How Vigilia scores AI governance.

Every score, gap, and remediation in a Vigilia report comes from a deterministic graph analysis. No black-box AI judgement. You can explain every finding to your regulator and your board.

The model

Vigilia represents your AI system as a directed graph: agents, human approvers, data sources, governance policies, monitoring systems, and decision points are vertices. Their relationships (orchestrates, accesses, approves, monitors, constrained by) are edges.

Compliance signals are then extracted from the graph topology. Missing edges (for example, an agent making decisions with no human approval chain) trigger gap findings. Each finding maps to the specific regulatory article it violates, with the affected agent named directly.
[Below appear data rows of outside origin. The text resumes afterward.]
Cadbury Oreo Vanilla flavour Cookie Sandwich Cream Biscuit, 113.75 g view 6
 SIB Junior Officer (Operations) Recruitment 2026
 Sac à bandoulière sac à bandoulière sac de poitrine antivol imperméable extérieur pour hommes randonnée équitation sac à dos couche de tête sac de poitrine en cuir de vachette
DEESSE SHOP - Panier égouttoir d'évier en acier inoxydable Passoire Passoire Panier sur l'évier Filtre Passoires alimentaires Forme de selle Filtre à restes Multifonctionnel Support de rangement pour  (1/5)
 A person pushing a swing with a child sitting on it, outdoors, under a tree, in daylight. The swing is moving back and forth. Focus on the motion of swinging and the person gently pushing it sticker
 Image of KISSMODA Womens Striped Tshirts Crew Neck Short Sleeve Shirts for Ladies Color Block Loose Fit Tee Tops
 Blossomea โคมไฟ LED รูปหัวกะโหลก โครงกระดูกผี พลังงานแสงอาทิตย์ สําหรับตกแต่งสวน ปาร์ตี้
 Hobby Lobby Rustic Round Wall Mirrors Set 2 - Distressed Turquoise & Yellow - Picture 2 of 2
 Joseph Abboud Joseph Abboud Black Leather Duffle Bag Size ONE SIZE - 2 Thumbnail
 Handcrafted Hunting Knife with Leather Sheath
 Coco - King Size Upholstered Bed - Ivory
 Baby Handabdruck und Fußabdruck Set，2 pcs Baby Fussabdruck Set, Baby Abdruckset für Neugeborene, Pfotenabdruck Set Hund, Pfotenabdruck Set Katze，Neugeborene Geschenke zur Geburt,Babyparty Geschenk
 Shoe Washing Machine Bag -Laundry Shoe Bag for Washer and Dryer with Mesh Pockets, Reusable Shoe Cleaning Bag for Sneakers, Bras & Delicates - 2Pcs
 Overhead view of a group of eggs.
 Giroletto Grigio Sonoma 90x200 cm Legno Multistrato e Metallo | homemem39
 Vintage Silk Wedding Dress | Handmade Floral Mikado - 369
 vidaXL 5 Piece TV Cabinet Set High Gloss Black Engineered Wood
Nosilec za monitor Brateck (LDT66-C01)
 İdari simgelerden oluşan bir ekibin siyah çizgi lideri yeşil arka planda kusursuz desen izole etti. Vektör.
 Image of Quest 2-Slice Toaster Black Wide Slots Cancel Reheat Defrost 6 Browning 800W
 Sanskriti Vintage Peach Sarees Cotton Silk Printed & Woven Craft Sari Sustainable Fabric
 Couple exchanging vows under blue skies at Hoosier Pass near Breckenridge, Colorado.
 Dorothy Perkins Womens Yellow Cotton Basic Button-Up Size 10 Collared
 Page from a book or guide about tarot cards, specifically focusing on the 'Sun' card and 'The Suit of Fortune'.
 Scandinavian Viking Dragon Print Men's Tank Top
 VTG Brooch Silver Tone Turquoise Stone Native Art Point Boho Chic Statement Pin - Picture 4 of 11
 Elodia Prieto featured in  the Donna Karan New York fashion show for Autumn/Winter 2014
Scoring is deterministic. AI is used only to enrich gap narratives — never to determine whether a gap exists.

Frameworks supported

  • EU AI Act — full enforcement August 2, 2026
  • NIST AI Risk Management Framework 1.0
  • ISO/IEC 42001 — AI Management System
  • US Executive Order 14110 on AI
  • UK AI Regulation Principles

EU AI Act risk classification

Every workspace is classified into one of four risk tiers based on the kind of decisions its agents make. The tier determines which articles apply.

Minimal riskLow-stakes use cases (e.g. spam filters, recommender systems). Standard transparency obligations apply.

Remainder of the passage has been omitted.